Throughout the year, operational teams carry out an extensive maintenance programme to ensure that pipelines, pump stations and other sewer infrastructure are in their best possible condition. Preventative cleaning is especially prioritised before winter, when rain is likely to enter the network, as this has proven to be one of the City’s most effective measures to reduce sewer spills before they occur.
On Thursday, June 25, 2026 the Member of the Mayoral Committee for Water and Sanitation – Councillor Zahid Badroodien joined maintenance teams in action during routine sewer jet-cleaning in Kraaifontein. The City managed a vast wastewater network comprising approximately 10,000 km of sewer pipelines, 487 sewer pump stations, sand traps and other critical infrastructure. This will be done to keep the system in flow with required frequent inspection, maintenance and sometimes rapid response all year round.
Considering this, Cllr Zahid Badroodien stated that the sanitation is fundamentally about dignity, public health and creating communities where residents can live with confidence in the services they rely on every day. Through the Mayoral Priority Programme on Sanitation, they have deliberately focused on long-term, preventative interventions that address the root causes of sewer overflows rather than simply responding to them after the fact.
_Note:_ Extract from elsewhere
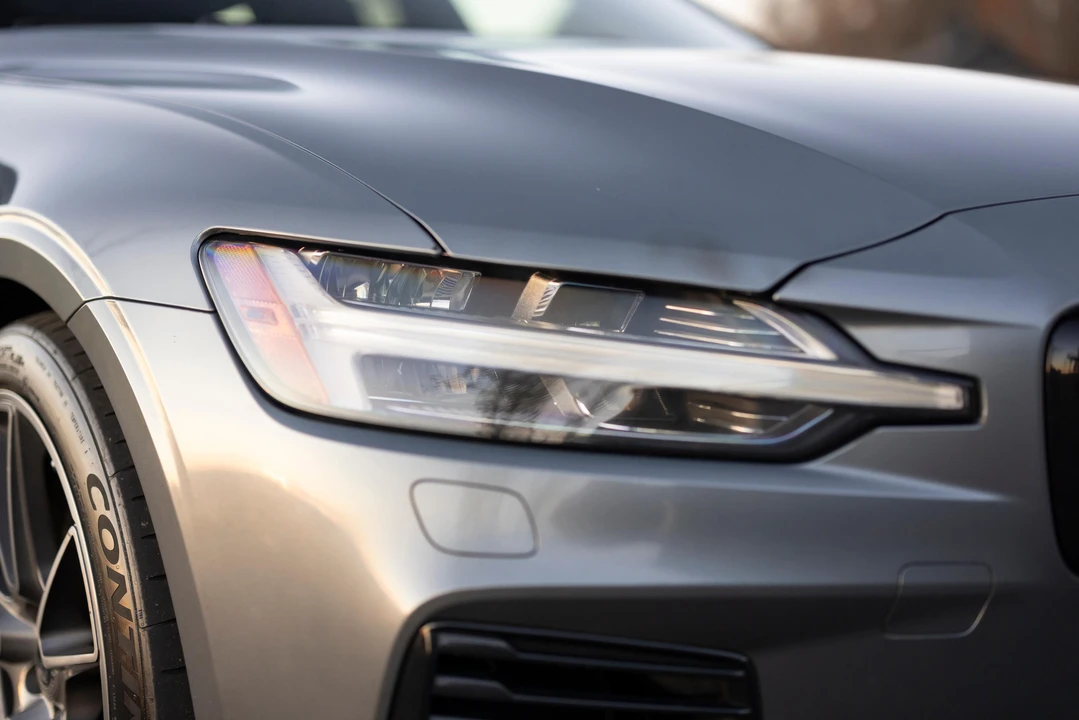 2020 Volvo V60 2nd Gen - Image 10 of 31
According to Badroodien, this sewer jetting programme is a key deliverable of their commitment. By dramatically increasing proactive cleaning across the sewer network, they have reduced sewer overflows by approximately 32%.
Notably, these results demonstrate what can be achieved when they take a bigger-picture approach to service delivery and investing in the infrastructure, maintenance and operational excellence needed to protect residents. This upholds sanitation dignity and build a more resilient city for generations to come.